The argument has been made that, historically, tight end is not a position you move on in the top 10 and therefore the Jaguars would find better value at a position like offensive tackle where they are also in need. I take issue with this on two points, First, the tight end position has transitioned to be just as valuable as a wide receiver. While still vastly outnumbered by wide receivers on the stat sheet (there are more on the field at any given time), the top 10 in receptions and touchdowns in 2018 included two tight ends. Over the past 10 years you could see as many as six tight ends in the top 20.

Second, the investment in Foles demands some creative thinking, and creative drafting. The position Jaguars leadership has put this team in at the many skill positions requires them to make decisions that may go against traditional thinking. Barring the option of trading back and still landing either a Hockenson or Fant, Jacksonville would surely not be faulted for addressing a glaring offensive gap, and also for doing whatever they could to optimize their investment in Nick Foles.

There is also some fault to be found in the argument for when the tight end position has been historically drafted. The truth is, historically value has been found anywhere from round one to finding an undrafted gem. Looking at the best tight ends in NFL history, and considering modern players who are excelling or have excelled at the position, while picking one in the top 10 is almost unheard of, selecting a tight end in round one does yield some Hall of Fame returns on investment.

This list is not extensive, nor does it reflect in totality those tight ends who are in the Hall of Fame. What it does show is that first round talent is often found in the first round.

  • Vernon Davis: Round 1 - 6th overall
  • Tony Gonzalez: Round 1 - 13th pick overall
  • Kellen Winslow: Round 1 - 13th overall
  • Jeremy Shockey: Round 1 - 14th pick overall
  • Ozzie Newsome: Round 1 - 23rd overall
  • Dallas Clark: Round 1 - 24th overall
  • Greg Olsen: Round 1 - 31st overall
  • Zach Ertz: Round 2 - 35th overall
  • Rob Gronkowski: Round 2 - 42nd overall
  • Kyle Rudolph: Round 2 - 43rd overall
  • Travis Kelce: Round 3 - 63rd overall
  • Jason Witten: Round 3 - 69th overall
  • Jimmy Graham: Round 3 - 95th overall
  • Shannon Sharpe: Round 7 - 192nd overall
  • Antonio Gates: UDFA

Other players who have specifically been drafted in the first round, and have not realized their draft status or are still to young to register are listed here.

  • Eric Ebron: 10th overall (2014)
  • O.J. Howard: 19th overall (2017)
  • Brandon Pettigrew: 20th overall (2009)
  • Tyler Eifert: 21st overall (2013)
  • Jermaine Greshman: 21st overall (2010)
  • Evan Engram: 23rd overall (2017)
  • Hayden Hurst: 25th overall (2018)
  • David Njoku: 29th overall (2019)

The interesting thing about Eric Ebron is that his move to Indianapolis greatly improved his production, giving Andrew Luck a 13 touchdown target.

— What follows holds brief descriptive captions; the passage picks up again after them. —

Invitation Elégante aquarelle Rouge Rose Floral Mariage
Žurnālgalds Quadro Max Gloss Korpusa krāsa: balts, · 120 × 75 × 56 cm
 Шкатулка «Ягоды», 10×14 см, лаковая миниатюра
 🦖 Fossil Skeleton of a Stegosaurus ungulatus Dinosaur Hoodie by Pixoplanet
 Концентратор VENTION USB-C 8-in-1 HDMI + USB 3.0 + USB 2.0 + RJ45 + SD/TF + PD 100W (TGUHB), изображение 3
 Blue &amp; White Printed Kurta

There are very rarely “sure things” in the NFL draft, and the tight end position is no different, than any other. The pre-draft evaluations of Hockenson are that he may be the most sure thing to grab on day one. While that is surely a point of debate, what is not debatable is just how much a game changing, dependable tight can do for his quarterback. Philadelphia, New England, Kansas City, San Diego, Dallas, and Indianapolis are prime examples of just how the position creates matchup challenges, and in New Englands case allows you to not field a wide receiving corps that has WR1 threat.

How much of a difference is it to draft what you believe to be a playmaking tight end at seven versus 13? While T.J. Hockenson at seven might be considered a bit early historically based on actual draft numbers, that means very little if you think he can be productive. Jacksonville has more than one good reason to pull the trigger on the position where they presently sit, and history shows that such a decision makes good sense.